In this lab, we are going to practice viewing, sorting, grouping, and merging tables with SQL. We will explore the money donated during the 2016 election using the [Federal Election Commission's public records](https://www.fec.gov/data/). You will be connecting to a `sqlite` database containing the data. The data we will be working with in this lab is quite small (16MB); however, it is a sample taken from a larger database that is more than a few GBs.


### Due Date

This assignment is due at **Tuesday, September 21** at 11:59 pm.

### Collaboration Policy

Data science is a collaborative activity. While you may talk with others about this assignment, we ask that you **write your solutions individually**. If you discuss the assignment with others, please **include their names** in the cell below.

**Collaborators:** *list names here*

In [None]:
import pandas as pd
import sqlalchemy
from ds100_utils import fetch_and_cache
from pathlib import Path

### Connecting to SQLite

Download the database to local disk drive; this will take about a minute.

In [None]:
db_url = 'https://s3.amazonaws.com/berkeley-ds100/fec_nyc.sqlite'
db_filename = 'fec_nyc.db'
data_dir = Path('data')
fetch_and_cache(db_url, db_filename, data_dir = data_dir)
db_path = data_dir / db_filename

The following cell will connect to the above database using the SQL Alchemy library. This library is more general than the `sqlite3` module from the standard library because it can connect to several different database management systems, such as MySQL and PostgreSQL. It also supports an advanced feature for generating queries called an [object relational mapper](https://docs.sqlalchemy.org/en/latest/orm/tutorial.html) or ORM, which we won't discuss in this course but is quite useful for application development.

In [None]:
engine = sqlalchemy.create_engine(f"sqlite:///{db_path}")
connection = engine.connect()
inspector = sqlalchemy.inspect(engine)

To check that everything is working we will list the available tables.

In [None]:
inspector.get_table_names()

## Table Descriptions

Here is a list of the tables in the database.  Each table links to the documentation on the [FEC page](https://www.fec.gov/data/browse-data/) for the dataset.
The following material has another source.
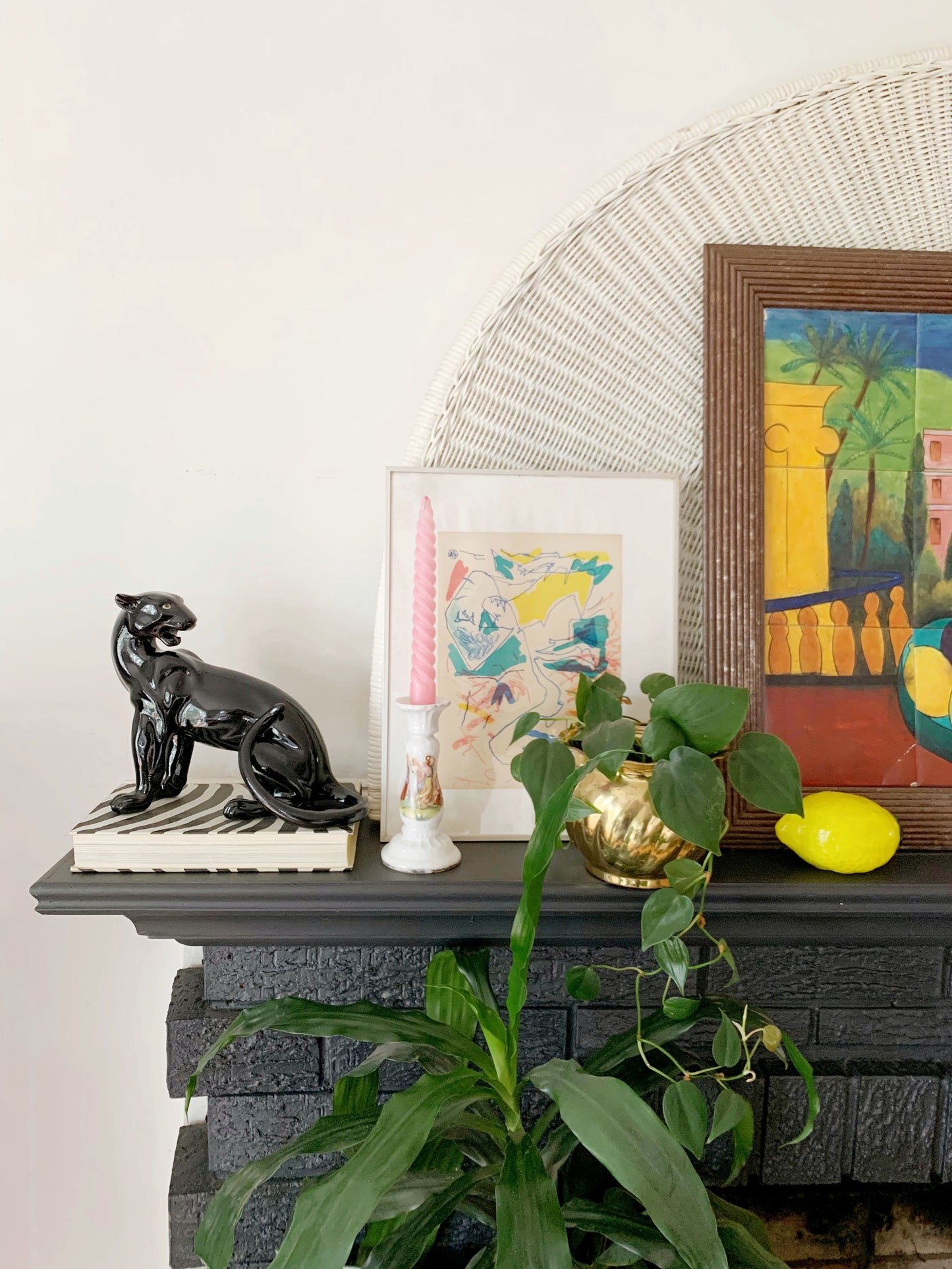 black panther statue with plants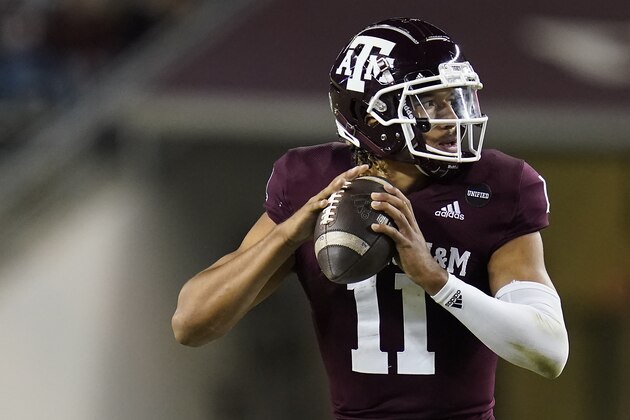 Texas A&M quarterback Kellen Mond (11) looks to pass against Arkansas during the first half of an NCAA college football game, Saturday, Oct. 31, 2020, in College Station, Texas. (AP Photo/Sam Craft)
If you'd like, you can consult the FEC page for the descriptions of the tables to find out what the correspondence is.

- [`cand`](https://www.fec.gov/campaign-finance-data/candidate-summary-file-description/): Candidates table. Contains names and party affiliation.
- [`comm`](https://www.fec.gov/campaign-finance-data/committee-summary-file-description/): Committees table. Contains committee names and types.
- [`indiv_sample_nyc`](https://www.fec.gov/campaign-finance-data/contributions-individuals-file-description/): All individual contributions from New York City.

We can see the schemas of these tables with the following code.

In [None]:
for exp in connection.execute('SELECT sql FROM sqlite_master;'):
    print(exp[0])

We can also look at the tables themselves.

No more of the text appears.